LOS ANGELES -- "Roma," the touching black-and-white portrait of a domestic worker and the middle-class family she cares for in 1970s Mexico City, won the Oscar for best foreign language film Sunday, giving Mexico its long-sought first win in that category.

Director Alfonso Cuaron's deeply personal film with dialogue in Spanish and Mixtec beat four other contenders that also told the stories of individuals and families facing tumultuous social and historical times. The Netflix-produced film ended the night with Oscars for Cuaron for best director and best cinematography.

"This award belongs to Mexico. It's a Mexican film in every single front," he told reporters after the ceremony. "It's not that 95 per cent of the crew was a Mexican crew, and the cast is 100 per cent Mexican, but the thematic, the country, the landscape, everything is Mexico. This film doesn't exist if it's not for Mexico. I could not be here if it was not because of Mexico."

"Roma," which was inspired by Cuaron's own youth, follows Cleo (Yalitza Aparicio), a young indigenous woman who works devoutly for an affluent family that lives in the Roma neighbourhood of the Mexican capital. But life inside the picture-perfect family is crumbling.

The film develops in the midst of the turmoil that rocked Mexico in the early '70s, including the student demonstrations that in 1971 led to a massacre by a group backed by authorities. Society is fraying and the women of the house seem to take the brunt as they try to keep the family of four children afloat.

While the foreign language Oscar will go to Mexico's film academy, it was also a night of personal triumph for Cuaron, who took home best director and best cinematography statuettes. "Roma" also competed for best picture, but lost out at the end of the night to "Green Book."

Mexico has competed for the trophy eight other times, most recently in 2011 with "Biutiful" by Alejandro Gonzalez Inarritu, but had never won.

The other nominated films Sunday were Polish filmmaker Pawel Pawlikowski's 20th-century romance "Cold War;" German director Florian Henckel von Donnersmarck's artist biopic "Never Look Away;" Japanese filmmaker Hirokazu Kore-eda's's subtle family story "Shoplifters;" and "Capernaum," a powerful neo-realist drama about a Syrian child refugee from Lebanon's Nadine Labaki.
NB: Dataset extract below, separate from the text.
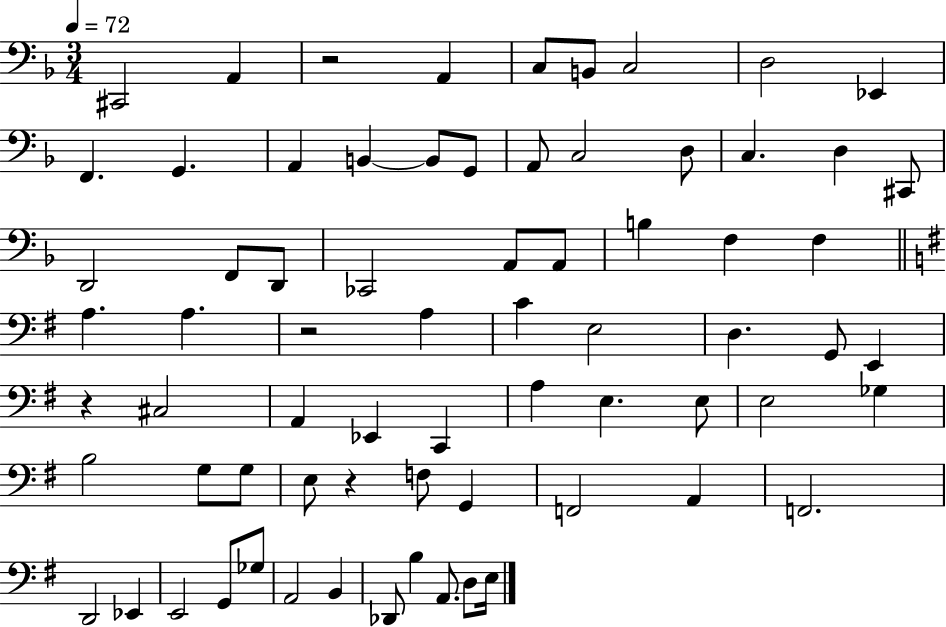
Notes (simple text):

C#2/h A2/q R/h A2/q C3/e B2/e C3/h D3/h Eb2/q F2/q. G2/q. A2/q B2/q B2/e G2/e A2/e C3/h D3/e C3/q. D3/q C#2/e D2/h F2/e D2/e CES2/h A2/e A2/e B3/q F3/q F3/q A3/q. A3/q. R/h A3/q C4/q E3/h D3/q. G2/e E2/q R/q C#3/h A2/q Eb2/q C2/q A3/q E3/q. E3/e E3/h Gb3/q B3/h G3/e G3/e E3/e R/q F3/e G2/q F2/h A2/q F2/h. D2/h Eb2/q E2/h G2/e Gb3/e A2/h B2/q Db2/e B3/q A2/e. D3/e E3/s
"I grew up watching foreign language films and learning so much from them and being inspired," he said while clutching his statuette for this category on stage and crediting "Citizen Kane," "The Godfather" and other movies for inspiration. "When asked about in the book about the New Wave, Claude Chabrol said, 'There are no waves, there's only the ocean.' I think that the nominees tonight have proven that we are part of the same ocean."

The Mexican Institute of Cinematography tweeted praise for the win, including a virtual chant of "Mexico, Mexico, Mexico!"

"Roma" represented Cuaron's return to Mexico as director since he made his international debut with "Y Tu Mama Tambien" in 2001, which earned him nominations for the Golden Globes and Oscars. His credits since then include "Great Expectations," "Harry Potter and the Prisoner of Azkaban" and "Gravity."